Trieste - Lo sciopero di quattro ore dei lavoratori della Trieste Trasporti, indetto ieri dalle sigle sindacali, ha raccolto un’adesione dell’88% secondo le Rdb, mentre non ha superato il 64% in base alle stime dell’azienda. «Un ottimo risultato - sottolinea Willy Puglia, delle Rdb - anche considerando il fatto che si sono toccate punte di adesione del 100% su alcune linee, che sono rimaste totalmente bloccate». I dipendenti della Trieste Trasporti hanno incrociato le braccia dalle 9 alle 13. Sono poi scattate le manifestazioni in largo Barriera in mattinata, e in piazza della Borsa nel pomeriggio, durante le quali sono state raccolte circa mille firme di cittadini contro la volontà dell’azienda di subappaltare a una società privata dieci linee del trasporto pubblico urbano (la 13, 33, 35, 73, 39 barrata, 49 barrata, oltre alle quattro linee notturne, sulle quali lavorano attualmente 27 conducenti).

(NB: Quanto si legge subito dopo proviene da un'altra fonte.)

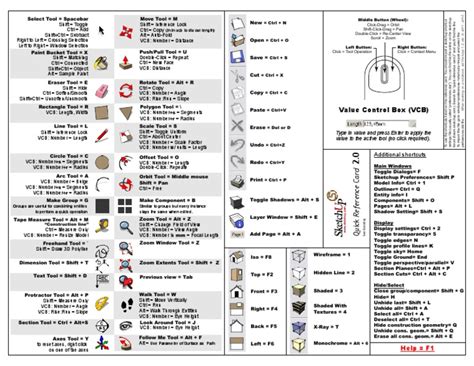 SKETCHUP Keyboard Shortcuts Control Key Double Click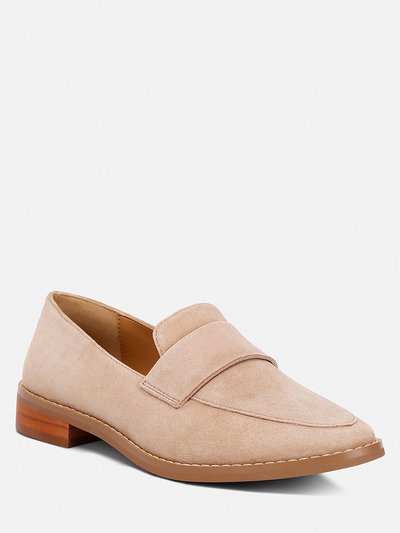 Rag & Co Zofia Nude Suede Penny Loafers product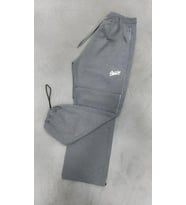 SW Cizgili Baggy Eşofman Altı (Gri)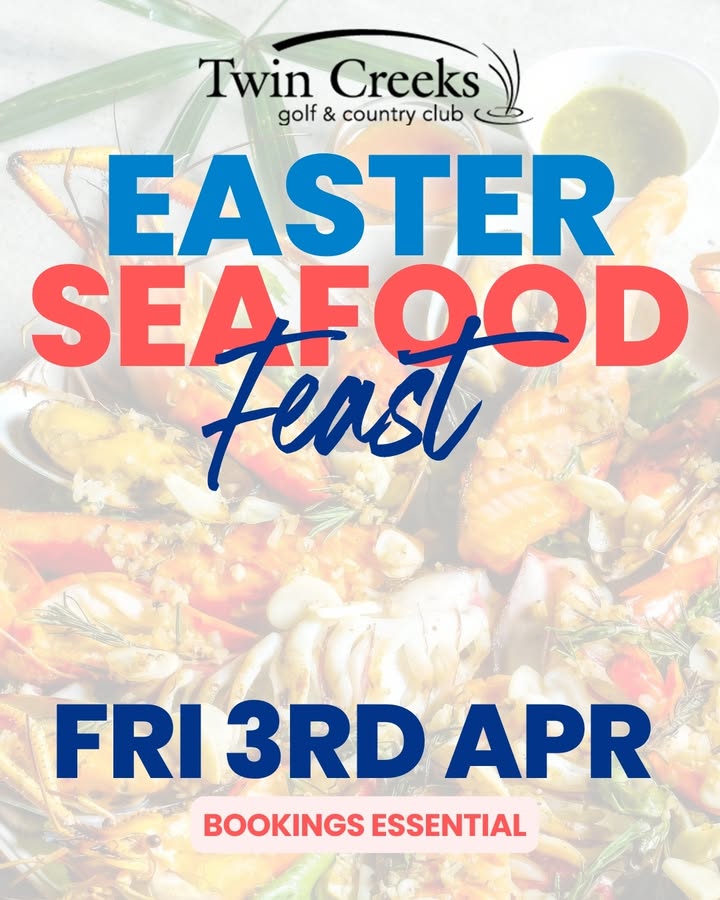 Featured image for “Easter Seafood Feast at Twin Creeks Golf”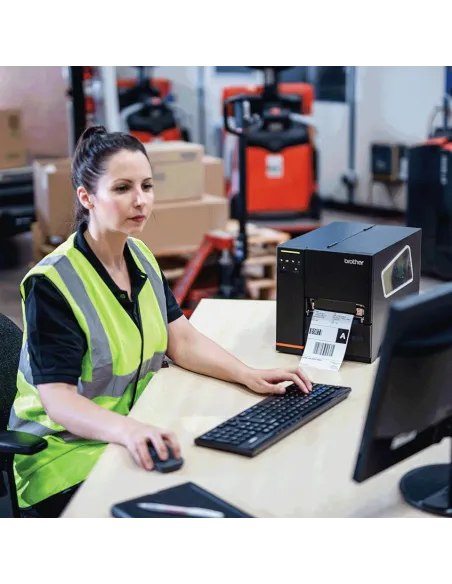 Brother TJ-4121TN Impresora Etiquetas Industrial Negra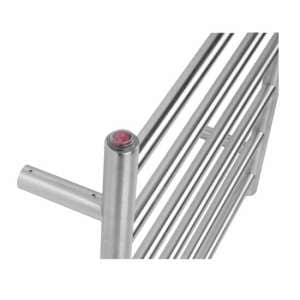 Round Brushed Nickel Electric Heated
  Towel Rack – 6 Bars – 600mm | BU06.R.HTR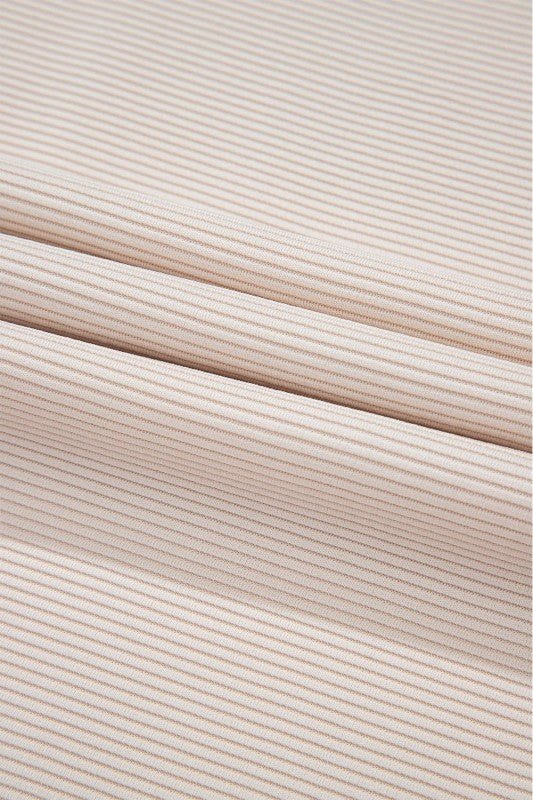 Textured Ruffle Half Zip Top and Pants Set - Blu Lotus Boutique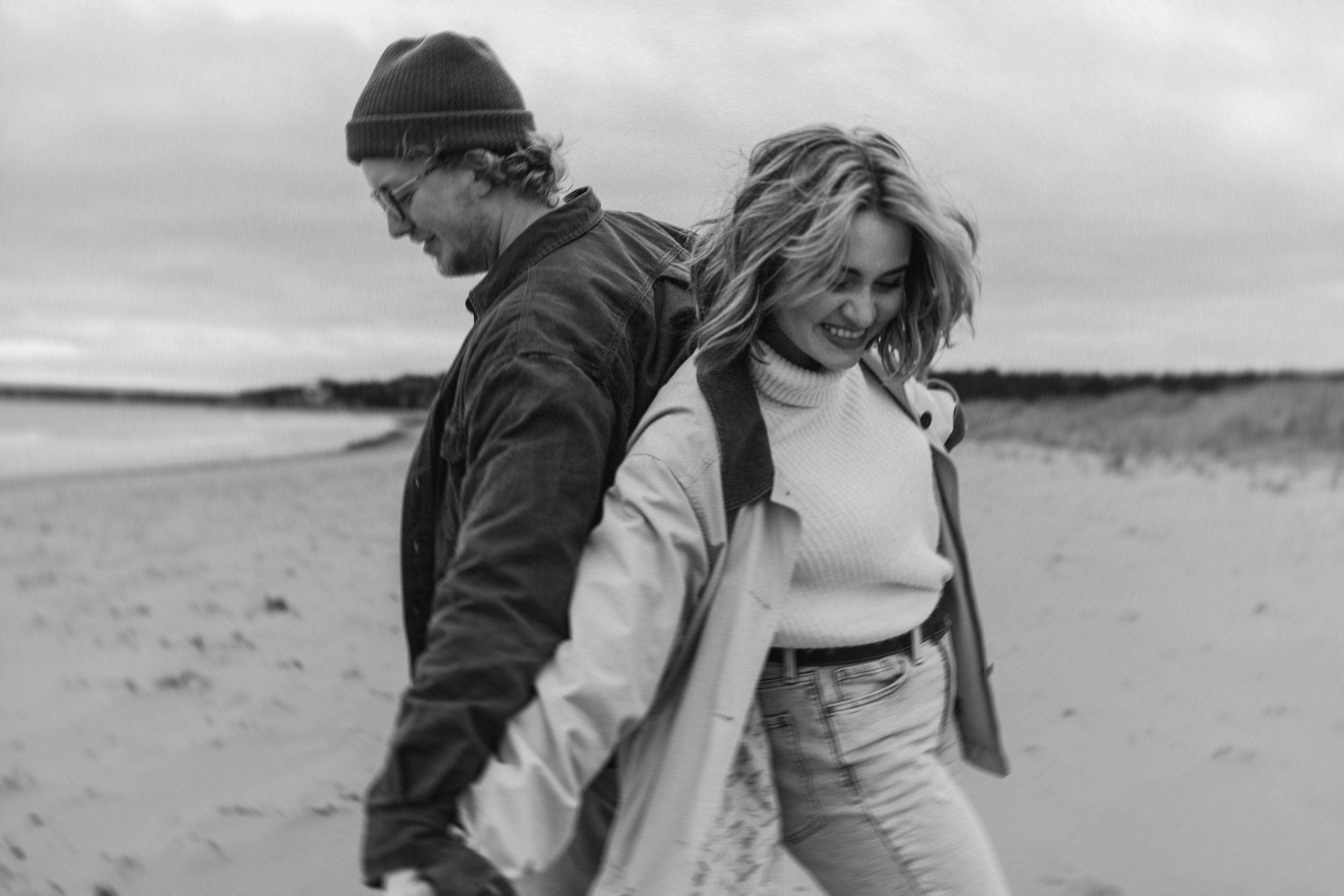 Beach Engagement Session, Conrad's Beach Nova Scotia, Canada - Charlotte Buckle Photography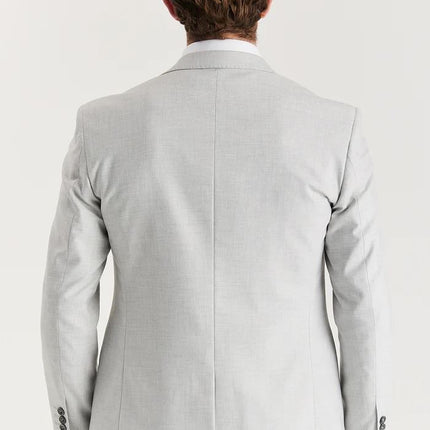 Men's Silver Lightweight Stitched Lapel Blazer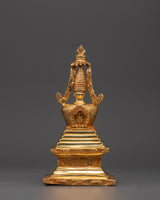 Handcrafted Gold-Plated Tibetan Stupa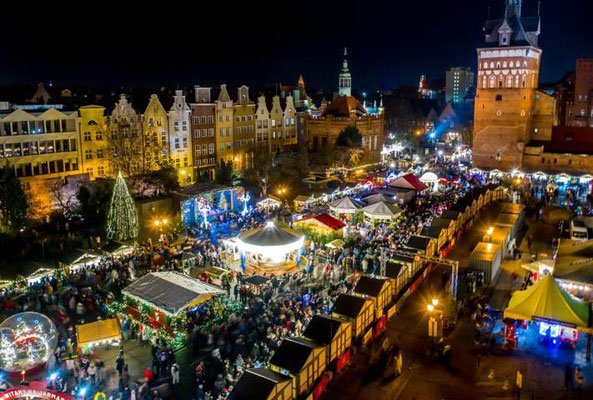 Best Christmas Markets in Europe - Gdansk Christmas Market -  Copyright Visit Gdansk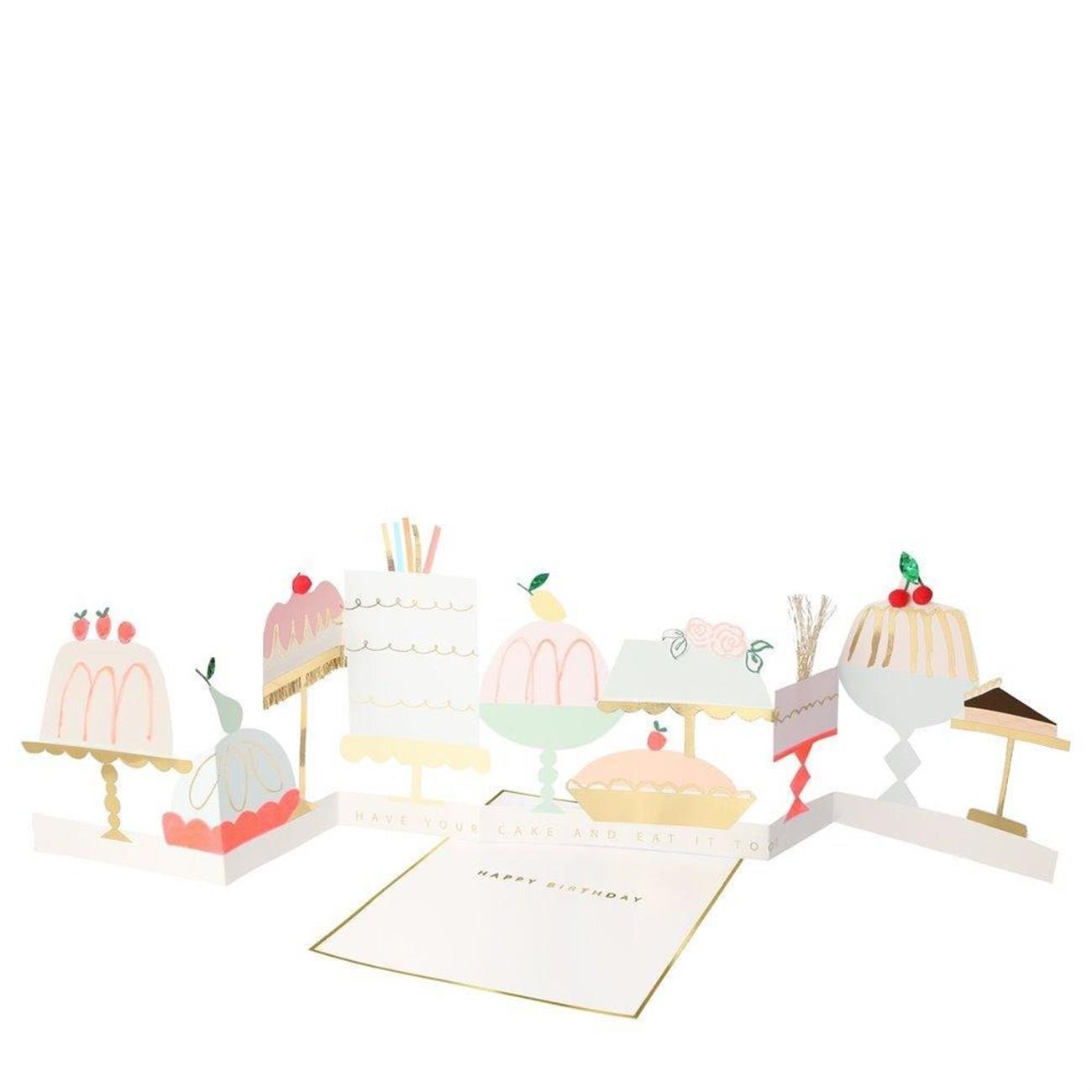 Meri Meri - Cake Card - Pasta Tebrik Kartı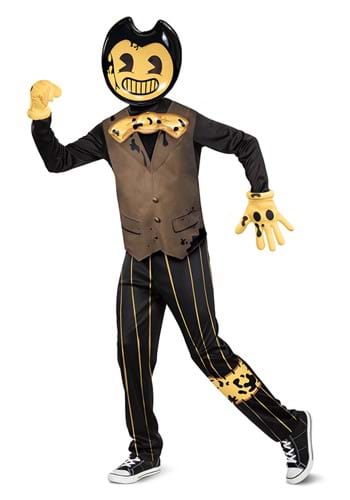 Click Here to buy Bendy Dark Revival Deluxe Costume from HalloweenCostumes, CDN Funds & Shipping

È stato questo il motivo principale alla base dello sciopero di ieri, cui hanno partecipato tutti i sindacati confederali. «Protestiamo perchè abbiamo la certezza che appaltando a terzi la gestione del servizio - continua Puglia - non verrebbero più garantite la qualità del servizio offerto ai cittadini e la qualità del lavoro per gli autisti. Le dieci linee in questione - aggiunge il sindacalista - vengono a torto considerate dall’azienda marginali, mentre coprono zone densamente popolate, collegate al centro città. Al momento la Provincia sta vagliando le caratteristiche tecniche e giuridiche per il rilascio dell’autorizzazione definitiva alla Trieste Trasporti a subappaltare il servizio. Noi ci batteremo affinchè ciò non accada. Consegneremo le firme a Palazzo Galatti».